Indeed, and that is why I am personally not really that bullish on promises, at least not how they are currently implemented. When you're debugging you want access to the implicit state-machine that the promise statement constructed, but at least in JS such state is hidden away in the `then()` function.
A good compromise (which I'm currently exploring in JS) is to make the state-machine navigable from the root, giving you the ability to examine it and mutate it explicitly during a debug session.
Alternatively you can use the yield-spawn method of getting rid of then() altogether. Then you get code that looks sequential as well, and the browser gives you nice stack traces.
This doesn't help with modifying values during debugging as you mentioned, but it does solve the problem of seeing the "caller" stack frames.
You might also want to check out the JS library q, which has support for stack traces that span async jumps if a promise errors out https://github.com/kriskowal/q#long-stack-traces
There are some people in the CL community who mention why CL users might not appreciate monads like those in other languages and/or programming styles/disciplines.
(HN Discussion) https://news.ycombinator.com/item?id=7651175
I actually mention this in a footnote, but I will do what you have suggested to be clearer still.

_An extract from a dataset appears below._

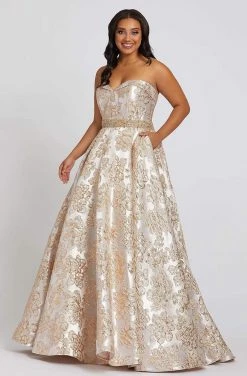 Formal Gowns Mac Duggal Fabulouss - 67238F Sweetheart Strapless Long Gown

Can you elaborate how this syntax might look?
Also: I'm not sure it's a good idea to give these macros the same names as the CL builtins. This will require users to do 'shadowing-import' if they want to use them without the package prefix, and then when they want to reference the builtins (in performance-sensitive code, perhaps) they'll have to use an explicit 'cl:'. At the very least, I'd suggest exporting a second set of names also, which are prefixed with "p-" or some such, so people can import them without shadowing.
That's nice. I had initially defined LET/LET* using a similar function, but then removed it to keep the macro definitions simpler.
> Also: I'm not sure it's a good idea to give these macros the same names as the CL builtins.
I gave this some thought, and came to the conclusion that using P-LET* is not very different from using PCL:LET*. So the way I envisioned this is that you don't import symbols from the PCL package; just use them with the package prefix. Though not everyone would prefer things this way, so if this was not a toy project I might have done what you suggested.